=== Exercise goal ===
In the records below, repeat exactly the lines between the line holding "a white plate" and the line holding "An oil platform", inclusive, and drop the pictures.

=== Provided records ===
+-------+
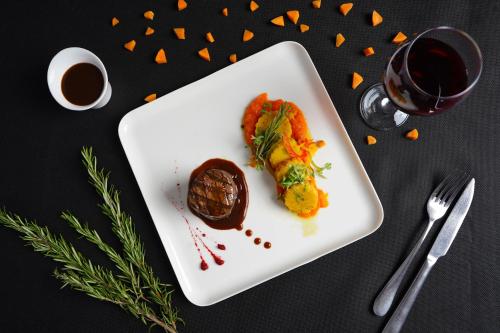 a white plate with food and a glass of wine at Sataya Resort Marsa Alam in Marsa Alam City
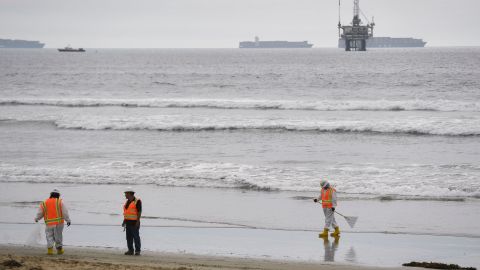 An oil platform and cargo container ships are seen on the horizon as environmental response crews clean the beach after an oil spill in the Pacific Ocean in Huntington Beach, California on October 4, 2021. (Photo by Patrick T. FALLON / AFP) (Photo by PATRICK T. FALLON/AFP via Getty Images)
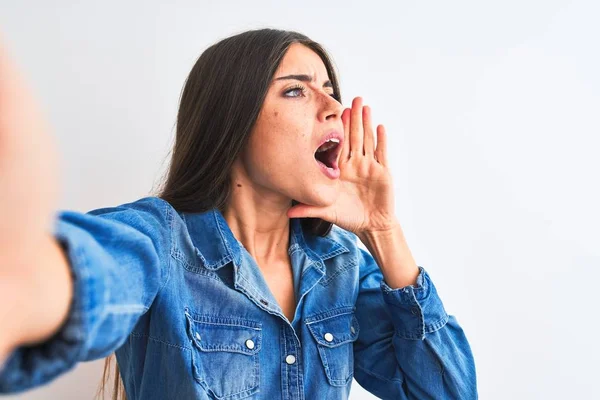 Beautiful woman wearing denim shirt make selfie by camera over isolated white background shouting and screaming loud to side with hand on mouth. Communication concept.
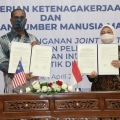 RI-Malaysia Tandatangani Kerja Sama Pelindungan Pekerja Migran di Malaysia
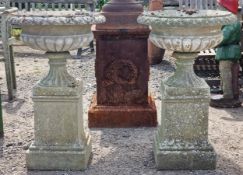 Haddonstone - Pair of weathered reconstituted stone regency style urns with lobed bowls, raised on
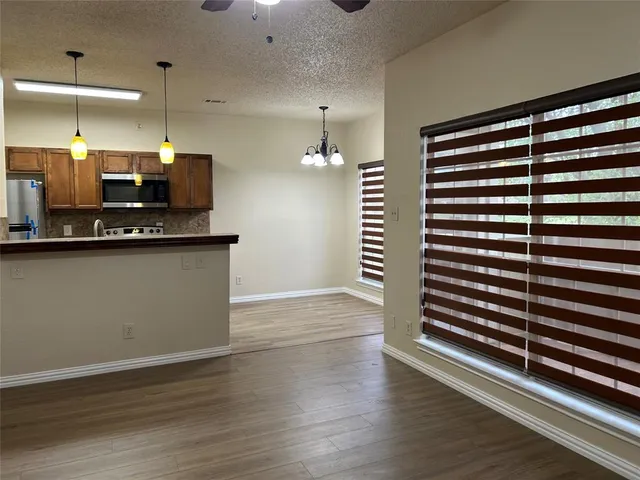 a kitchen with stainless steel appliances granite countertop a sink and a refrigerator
+-------+
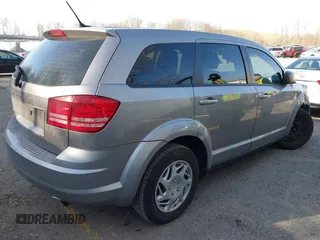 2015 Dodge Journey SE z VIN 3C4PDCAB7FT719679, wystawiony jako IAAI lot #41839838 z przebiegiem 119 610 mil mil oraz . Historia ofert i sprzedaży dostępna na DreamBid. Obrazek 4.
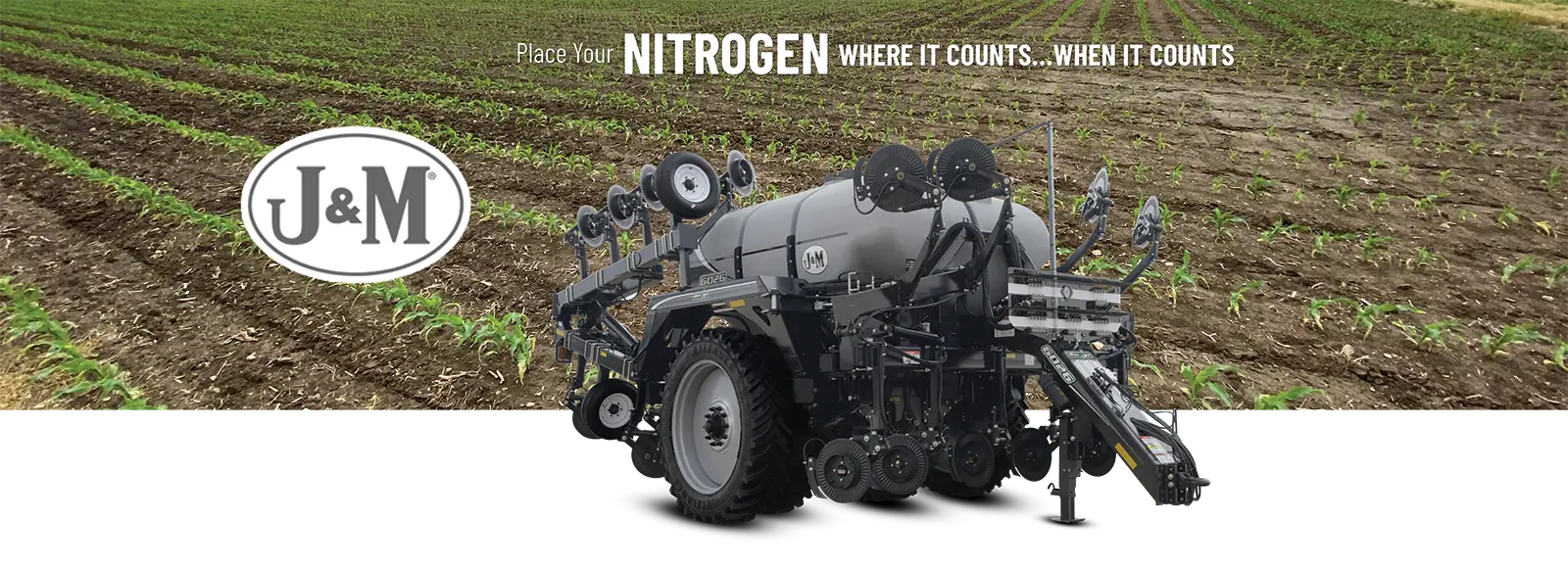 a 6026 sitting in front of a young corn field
+-------+
=== Reply to the exercise ===
 a white plate with food and a glass of wine at Sataya Resort Marsa Alam in Marsa Alam City
 An oil platform and cargo container ships are seen on the horizon as environmental response crews clean the beach after an oil spill in the Pacific Ocean in Huntington Beach, California on October 4, 2021. (Photo by Patrick T. FALLON / AFP) (Photo by PATRICK T. FALLON/AFP via Getty Images)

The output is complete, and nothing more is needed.